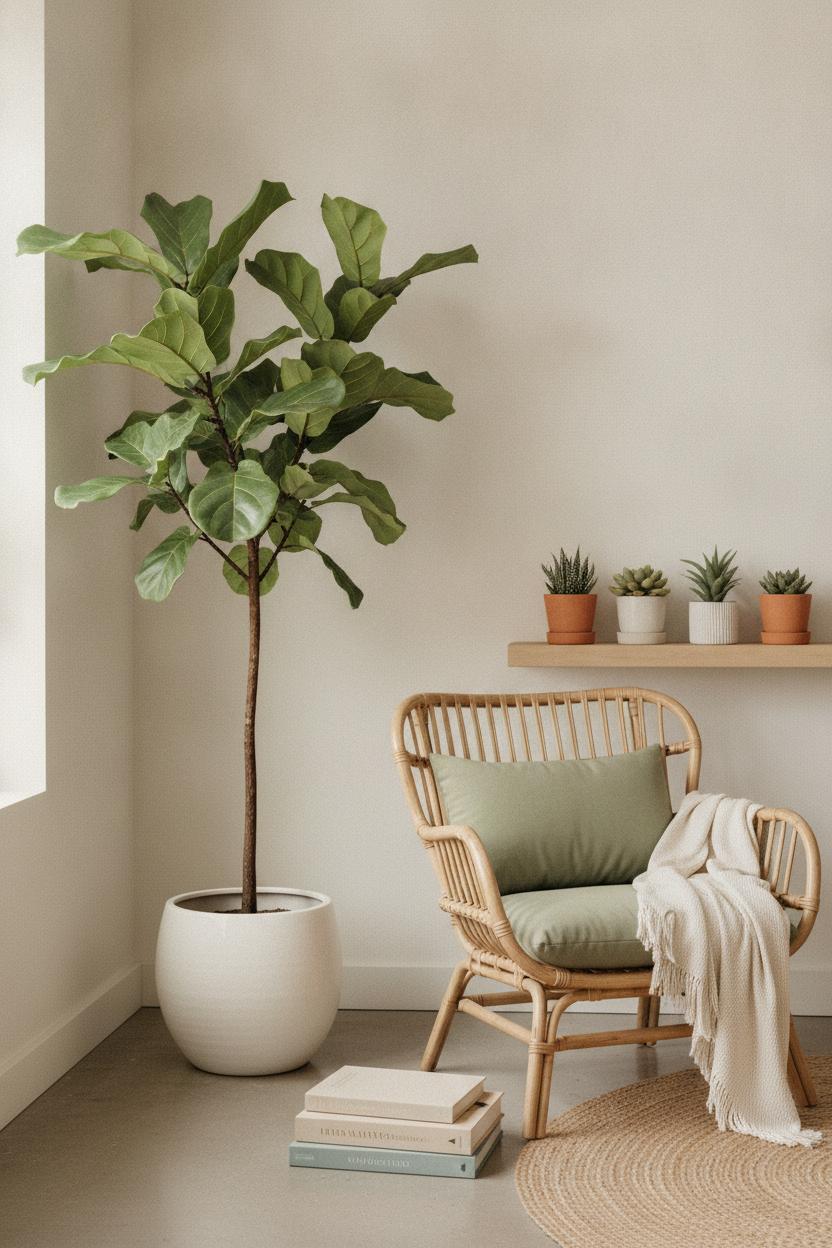 Cozy living room ideas for summer with fiddle leaf fig, succulents, rattan chair, and warm neutral tones
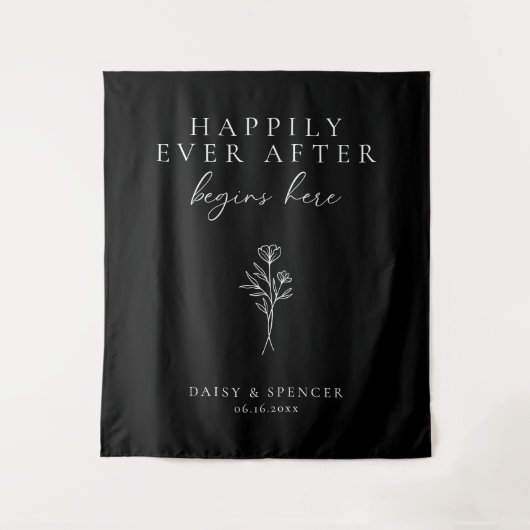 Einfaches Schwarzes Glück je nach Beginn hier Hoch Wandteppich (Vorderseite)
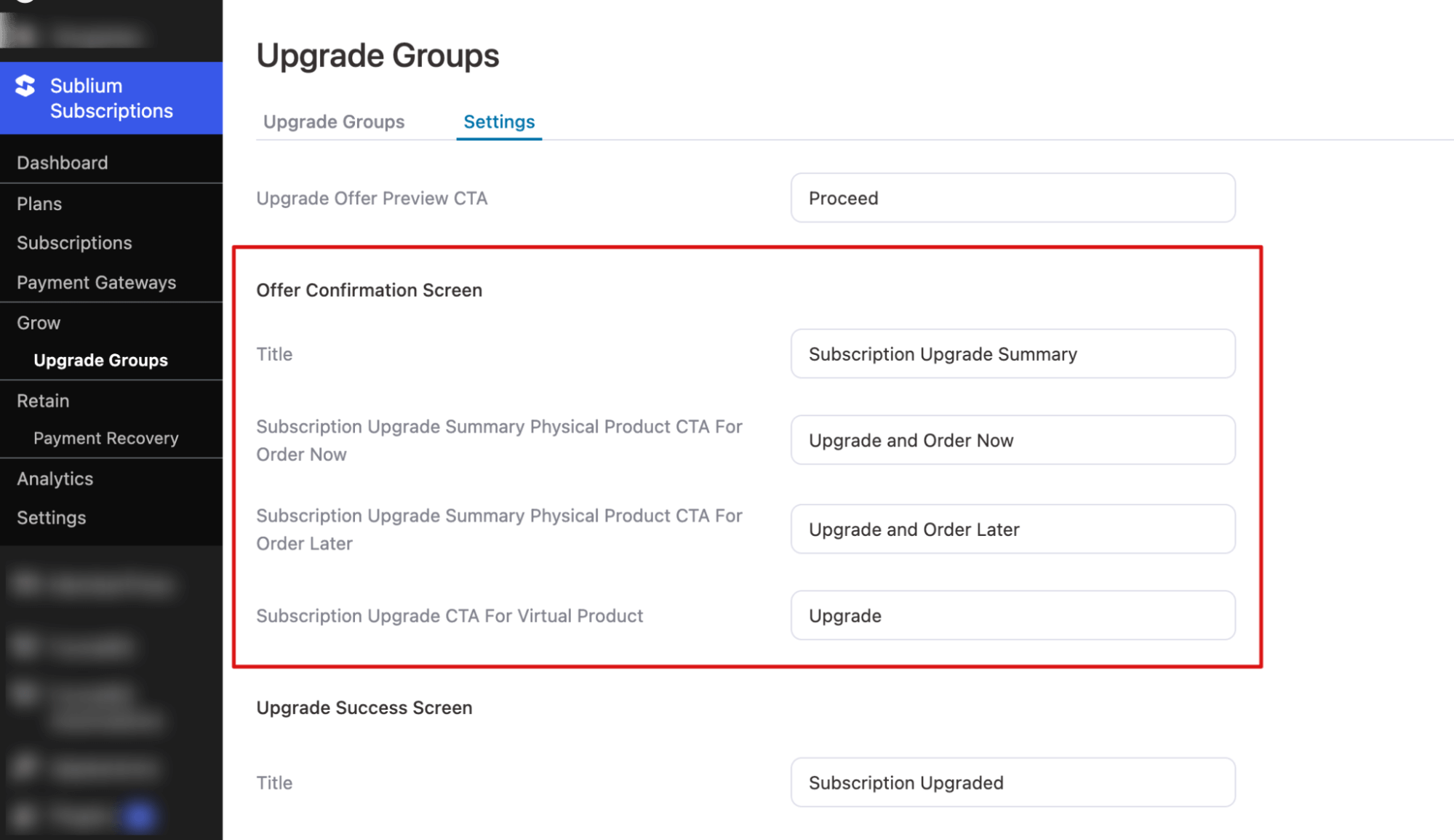 offer confirmation screen
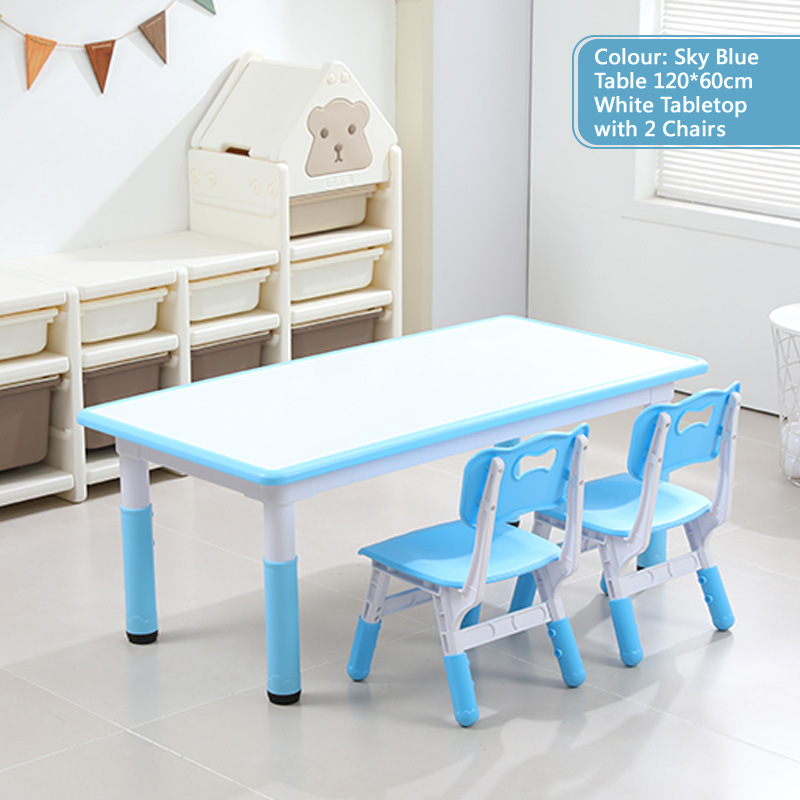KLY 120W*60L Height Adjustable Rectangular Table - White Tabletop 可調高長方形兒童桌 - 白色桌面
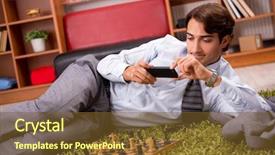  Presentation with chess - Audience pleasing theme consisting of young handsome boss playing chess backdrop and a  colored foreground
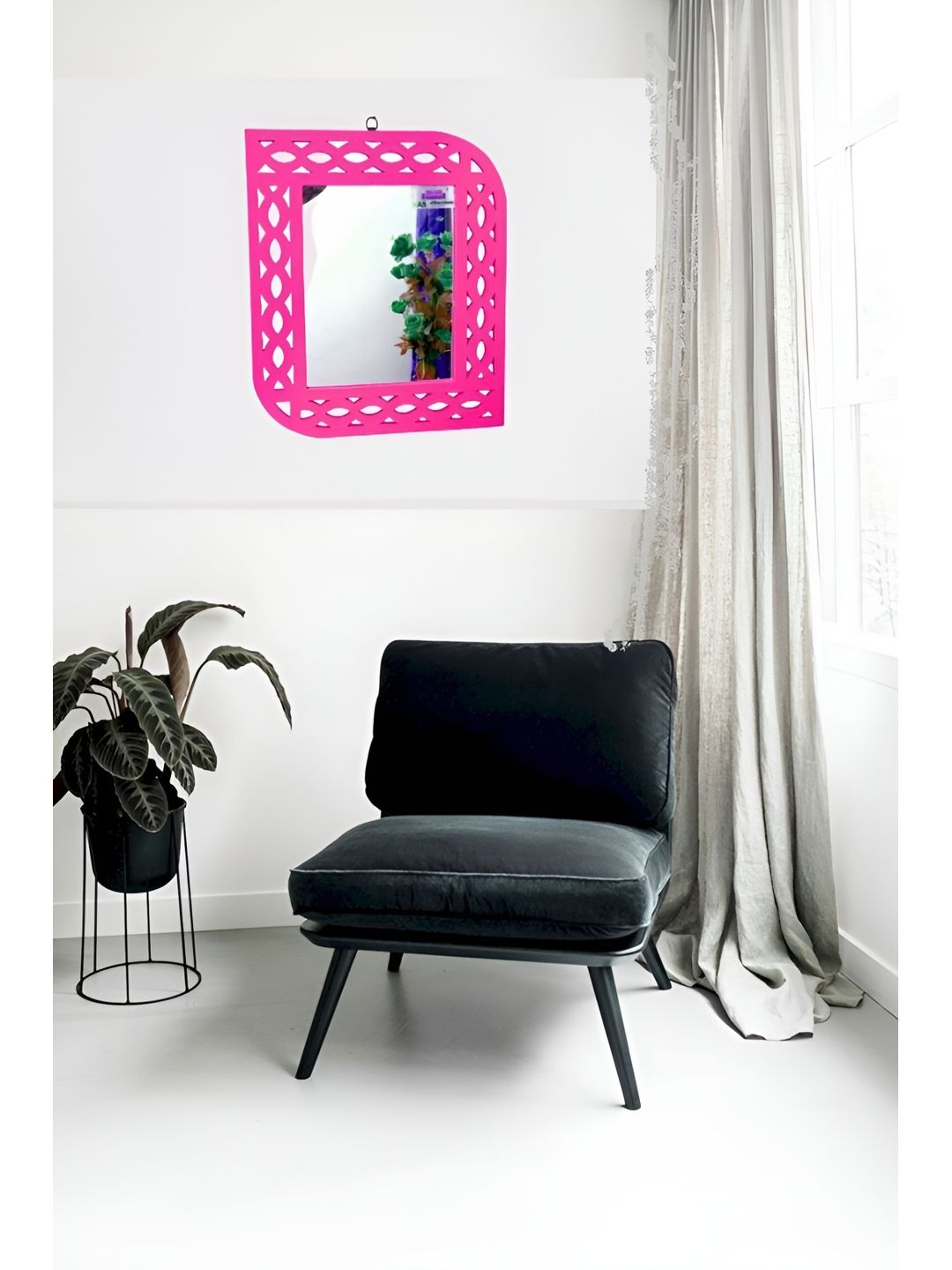VAS collection home Pink Floral Patterned Wooden Wall Mirror-picture-43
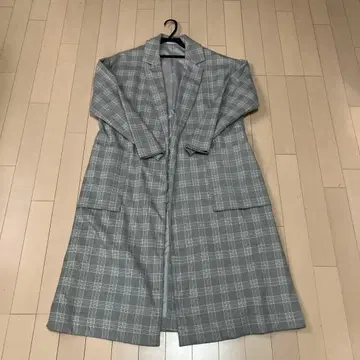 douse Harmonie 그레이 체크 무늬 롱 코트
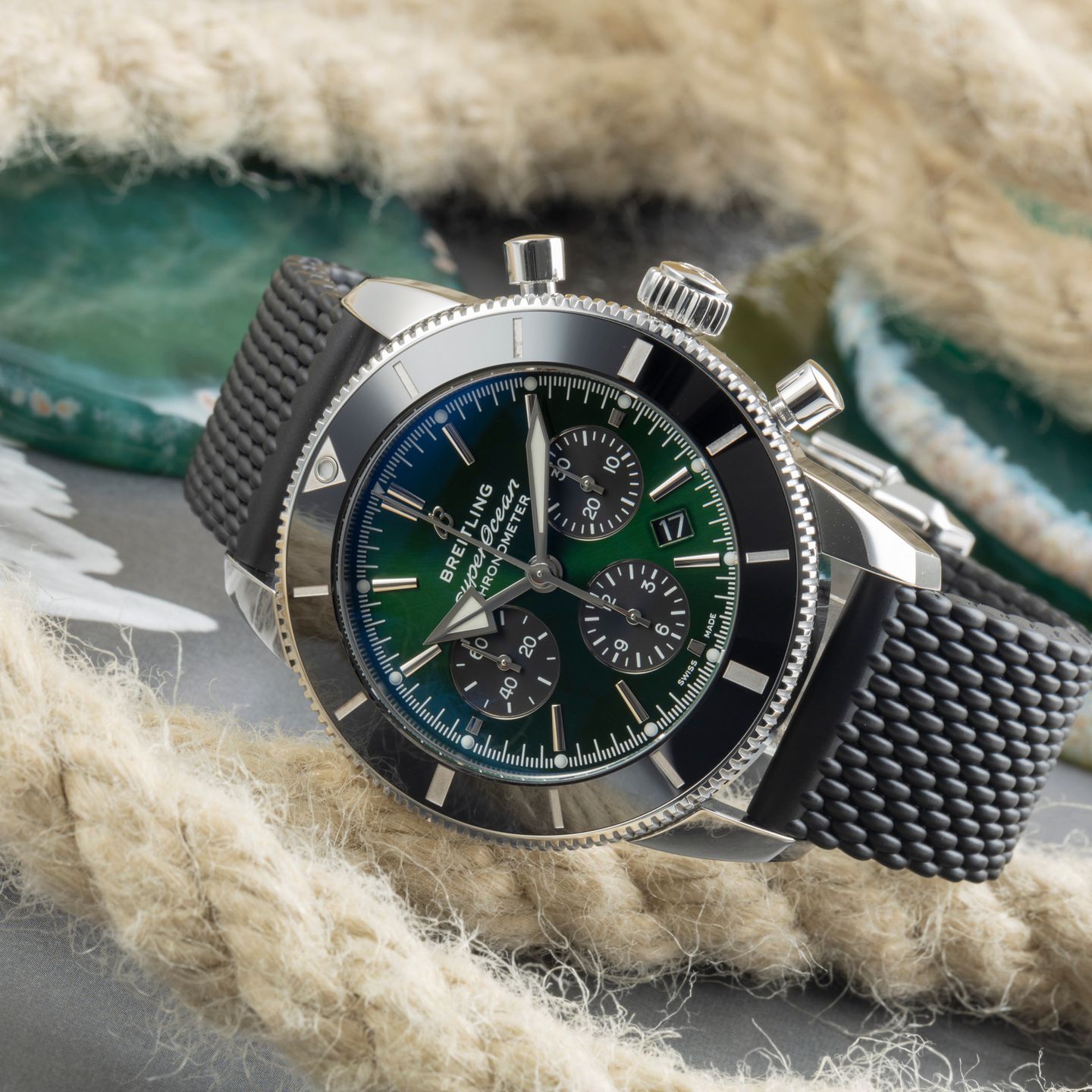 Breitling Superocean Heritage II Chronograph AB01621A1L1S1 (2020) - Green dial 44 mm Steel case (2/8)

--------------------------------------------------

Without the pictures, write out every entry exactly as it appears.

 Cozy living room ideas for summer with fiddle leaf fig, succulents, rattan chair, and warm neutral tones
 Einfaches Schwarzes Glück je nach Beginn hier Hoch Wandteppich (Vorderseite)
 offer confirmation screen
KLY 120W*60L Height Adjustable Rectangular Table - White Tabletop 可調高長方形兒童桌 - 白色桌面
  Presentation with chess - Audience pleasing theme consisting of young handsome boss playing chess backdrop and a  colored foreground
VAS collection home Pink Floral Patterned Wooden Wall Mirror-picture-43
 douse Harmonie 그레이 체크 무늬 롱 코트
 Breitling Superocean Heritage II Chronograph AB01621A1L1S1 (2020) - Green dial 44 mm Steel case (2/8)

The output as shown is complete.